WORK REQUEST. Output only these lines, set down exactly: the one containing "New 2025 Lincoln" and each line after it through the end of the records.

MATERIAL SHOWN.
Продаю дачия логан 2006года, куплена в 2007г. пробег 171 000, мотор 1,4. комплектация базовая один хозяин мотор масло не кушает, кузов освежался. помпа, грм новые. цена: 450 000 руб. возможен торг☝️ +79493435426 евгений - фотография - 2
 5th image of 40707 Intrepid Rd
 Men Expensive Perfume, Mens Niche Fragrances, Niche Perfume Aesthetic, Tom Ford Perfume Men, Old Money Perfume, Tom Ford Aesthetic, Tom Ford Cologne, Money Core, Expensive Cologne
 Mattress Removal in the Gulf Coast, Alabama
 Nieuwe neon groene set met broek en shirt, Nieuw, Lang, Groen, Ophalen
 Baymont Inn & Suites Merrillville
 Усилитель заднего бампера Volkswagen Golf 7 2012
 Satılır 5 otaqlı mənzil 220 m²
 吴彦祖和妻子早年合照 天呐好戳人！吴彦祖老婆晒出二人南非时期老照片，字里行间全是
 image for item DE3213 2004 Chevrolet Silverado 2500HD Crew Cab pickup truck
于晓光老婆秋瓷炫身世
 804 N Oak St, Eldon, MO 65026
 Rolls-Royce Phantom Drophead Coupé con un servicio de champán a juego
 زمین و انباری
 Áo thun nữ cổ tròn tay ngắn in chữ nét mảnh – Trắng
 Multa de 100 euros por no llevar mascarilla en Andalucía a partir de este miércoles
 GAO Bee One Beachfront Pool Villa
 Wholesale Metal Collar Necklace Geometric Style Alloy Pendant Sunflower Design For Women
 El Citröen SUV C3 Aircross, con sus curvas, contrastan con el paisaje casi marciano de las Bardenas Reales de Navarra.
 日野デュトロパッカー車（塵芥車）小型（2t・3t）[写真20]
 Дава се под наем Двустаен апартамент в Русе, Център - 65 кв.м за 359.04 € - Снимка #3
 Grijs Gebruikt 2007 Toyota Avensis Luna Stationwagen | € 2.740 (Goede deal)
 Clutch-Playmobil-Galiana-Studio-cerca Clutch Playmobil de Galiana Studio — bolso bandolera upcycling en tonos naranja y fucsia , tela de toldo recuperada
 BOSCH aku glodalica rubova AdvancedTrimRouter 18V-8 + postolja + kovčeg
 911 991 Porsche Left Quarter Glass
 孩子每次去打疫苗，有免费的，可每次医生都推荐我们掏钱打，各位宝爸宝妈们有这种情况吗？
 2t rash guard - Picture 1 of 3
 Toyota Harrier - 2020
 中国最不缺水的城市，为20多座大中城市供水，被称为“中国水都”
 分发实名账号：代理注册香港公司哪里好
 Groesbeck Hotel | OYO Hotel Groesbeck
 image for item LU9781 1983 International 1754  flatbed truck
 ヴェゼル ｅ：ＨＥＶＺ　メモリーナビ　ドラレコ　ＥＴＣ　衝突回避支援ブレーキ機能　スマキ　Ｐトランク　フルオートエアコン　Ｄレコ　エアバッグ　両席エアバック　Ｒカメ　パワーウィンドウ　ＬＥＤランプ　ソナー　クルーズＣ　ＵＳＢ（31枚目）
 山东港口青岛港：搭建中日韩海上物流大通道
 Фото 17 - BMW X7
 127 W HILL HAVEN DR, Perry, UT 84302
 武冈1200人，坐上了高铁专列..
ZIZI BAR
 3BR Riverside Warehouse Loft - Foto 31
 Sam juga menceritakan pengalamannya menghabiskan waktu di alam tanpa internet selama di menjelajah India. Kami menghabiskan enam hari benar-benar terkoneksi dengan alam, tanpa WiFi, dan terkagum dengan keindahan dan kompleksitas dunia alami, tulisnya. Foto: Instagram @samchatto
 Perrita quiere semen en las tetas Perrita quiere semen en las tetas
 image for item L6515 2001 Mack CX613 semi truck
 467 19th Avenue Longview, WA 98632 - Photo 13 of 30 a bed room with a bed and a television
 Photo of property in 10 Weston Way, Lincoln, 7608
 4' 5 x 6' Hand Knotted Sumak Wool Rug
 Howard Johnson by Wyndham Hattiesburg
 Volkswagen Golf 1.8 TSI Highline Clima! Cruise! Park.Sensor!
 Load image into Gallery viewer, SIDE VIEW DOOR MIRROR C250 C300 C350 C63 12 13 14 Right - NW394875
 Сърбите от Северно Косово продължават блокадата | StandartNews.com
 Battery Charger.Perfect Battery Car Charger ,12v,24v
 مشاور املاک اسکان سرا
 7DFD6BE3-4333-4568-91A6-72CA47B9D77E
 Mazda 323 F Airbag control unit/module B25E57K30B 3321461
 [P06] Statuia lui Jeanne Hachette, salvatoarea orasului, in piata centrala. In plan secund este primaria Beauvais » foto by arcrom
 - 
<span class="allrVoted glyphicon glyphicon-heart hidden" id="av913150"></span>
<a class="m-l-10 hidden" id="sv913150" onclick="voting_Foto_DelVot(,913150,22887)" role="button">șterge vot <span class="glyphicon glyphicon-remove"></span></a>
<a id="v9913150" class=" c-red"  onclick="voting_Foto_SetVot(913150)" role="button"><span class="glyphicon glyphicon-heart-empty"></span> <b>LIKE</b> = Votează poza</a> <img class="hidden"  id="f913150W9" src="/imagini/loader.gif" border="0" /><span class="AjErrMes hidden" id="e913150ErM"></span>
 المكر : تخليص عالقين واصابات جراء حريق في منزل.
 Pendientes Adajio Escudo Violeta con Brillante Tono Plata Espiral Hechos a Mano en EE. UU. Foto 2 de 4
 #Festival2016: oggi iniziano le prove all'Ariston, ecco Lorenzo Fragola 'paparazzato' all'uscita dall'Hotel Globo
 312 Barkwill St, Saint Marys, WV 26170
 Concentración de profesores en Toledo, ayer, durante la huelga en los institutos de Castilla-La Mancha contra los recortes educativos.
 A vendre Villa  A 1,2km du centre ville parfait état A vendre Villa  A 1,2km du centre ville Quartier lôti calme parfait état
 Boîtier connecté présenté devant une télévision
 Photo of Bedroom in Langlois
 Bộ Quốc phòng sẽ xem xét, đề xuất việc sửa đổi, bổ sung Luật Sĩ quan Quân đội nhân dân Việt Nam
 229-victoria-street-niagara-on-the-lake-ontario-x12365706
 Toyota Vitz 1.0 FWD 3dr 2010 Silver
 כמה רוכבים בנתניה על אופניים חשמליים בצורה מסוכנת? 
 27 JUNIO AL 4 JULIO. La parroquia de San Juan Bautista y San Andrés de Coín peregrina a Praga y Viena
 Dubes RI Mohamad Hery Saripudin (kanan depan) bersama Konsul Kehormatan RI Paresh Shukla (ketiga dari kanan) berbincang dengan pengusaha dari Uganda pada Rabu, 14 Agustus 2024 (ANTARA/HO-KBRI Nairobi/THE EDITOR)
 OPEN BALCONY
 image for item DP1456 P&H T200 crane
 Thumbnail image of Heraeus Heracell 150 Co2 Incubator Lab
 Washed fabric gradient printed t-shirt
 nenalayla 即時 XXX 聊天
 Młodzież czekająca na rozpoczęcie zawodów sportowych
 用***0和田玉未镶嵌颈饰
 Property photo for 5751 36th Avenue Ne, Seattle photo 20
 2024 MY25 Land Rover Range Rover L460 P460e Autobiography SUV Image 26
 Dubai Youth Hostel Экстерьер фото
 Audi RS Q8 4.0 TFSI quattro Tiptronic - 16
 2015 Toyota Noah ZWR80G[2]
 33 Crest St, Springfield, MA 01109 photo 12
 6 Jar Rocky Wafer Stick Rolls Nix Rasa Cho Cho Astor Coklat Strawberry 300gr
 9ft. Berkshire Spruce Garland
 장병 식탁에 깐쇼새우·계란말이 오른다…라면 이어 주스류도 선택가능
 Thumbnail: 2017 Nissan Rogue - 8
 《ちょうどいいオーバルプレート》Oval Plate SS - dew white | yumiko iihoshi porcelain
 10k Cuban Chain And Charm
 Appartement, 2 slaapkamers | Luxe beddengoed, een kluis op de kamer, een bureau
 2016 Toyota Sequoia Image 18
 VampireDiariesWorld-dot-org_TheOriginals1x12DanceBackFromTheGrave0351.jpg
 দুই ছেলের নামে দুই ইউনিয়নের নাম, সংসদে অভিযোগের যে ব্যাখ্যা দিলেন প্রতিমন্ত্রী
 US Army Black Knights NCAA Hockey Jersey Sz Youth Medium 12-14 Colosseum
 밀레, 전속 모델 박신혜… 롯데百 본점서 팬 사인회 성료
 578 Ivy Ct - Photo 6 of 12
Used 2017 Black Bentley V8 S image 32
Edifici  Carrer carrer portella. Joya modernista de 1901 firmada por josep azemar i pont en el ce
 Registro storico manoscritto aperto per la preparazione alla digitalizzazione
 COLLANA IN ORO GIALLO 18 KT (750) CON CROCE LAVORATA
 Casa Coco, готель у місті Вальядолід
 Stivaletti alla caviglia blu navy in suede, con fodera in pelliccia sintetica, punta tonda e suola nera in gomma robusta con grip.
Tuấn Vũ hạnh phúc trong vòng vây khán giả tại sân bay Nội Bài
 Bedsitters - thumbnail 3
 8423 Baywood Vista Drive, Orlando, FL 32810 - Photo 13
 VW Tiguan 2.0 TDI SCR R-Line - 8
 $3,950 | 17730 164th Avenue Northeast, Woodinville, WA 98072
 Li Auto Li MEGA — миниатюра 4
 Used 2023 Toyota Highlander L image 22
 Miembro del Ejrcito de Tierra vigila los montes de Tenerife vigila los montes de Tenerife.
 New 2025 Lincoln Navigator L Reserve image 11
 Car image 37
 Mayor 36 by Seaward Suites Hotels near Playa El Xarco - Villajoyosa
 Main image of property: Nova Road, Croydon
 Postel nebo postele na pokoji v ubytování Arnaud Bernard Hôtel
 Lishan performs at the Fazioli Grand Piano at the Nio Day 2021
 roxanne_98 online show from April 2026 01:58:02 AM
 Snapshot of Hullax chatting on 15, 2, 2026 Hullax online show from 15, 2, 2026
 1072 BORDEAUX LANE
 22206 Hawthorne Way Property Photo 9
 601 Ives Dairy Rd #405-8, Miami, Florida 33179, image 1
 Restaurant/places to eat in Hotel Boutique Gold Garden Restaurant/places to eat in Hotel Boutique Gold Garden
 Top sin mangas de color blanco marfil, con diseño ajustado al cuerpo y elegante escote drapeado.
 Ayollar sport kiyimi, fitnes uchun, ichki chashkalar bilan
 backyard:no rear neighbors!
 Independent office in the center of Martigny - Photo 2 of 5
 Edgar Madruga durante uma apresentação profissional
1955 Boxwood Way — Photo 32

RESPONSE TO THIS TASK.
 New 2025 Lincoln Navigator L Reserve image 11
 Car image 37
 Mayor 36 by Seaward Suites Hotels near Playa El Xarco - Villajoyosa
 Main image of property: Nova Road, Croydon
 Postel nebo postele na pokoji v ubytování Arnaud Bernard Hôtel
 Lishan performs at the Fazioli Grand Piano at the Nio Day 2021
 roxanne_98 online show from April 2026 01:58:02 AM
 Snapshot of Hullax chatting on 15, 2, 2026 Hullax online show from 15, 2, 2026
 1072 BORDEAUX LANE
 22206 Hawthorne Way Property Photo 9
 601 Ives Dairy Rd #405-8, Miami, Florida 33179, image 1
 Restaurant/places to eat in Hotel Boutique Gold Garden Restaurant/places to eat in Hotel Boutique Gold Garden
 Top sin mangas de color blanco marfil, con diseño ajustado al cuerpo y elegante escote drapeado.
 Ayollar sport kiyimi, fitnes uchun, ichki chashkalar bilan
 backyard:no rear neighbors!
 Independent office in the center of Martigny - Photo 2 of 5
 Edgar Madruga durante uma apresentação profissional
1955 Boxwood Way — Photo 32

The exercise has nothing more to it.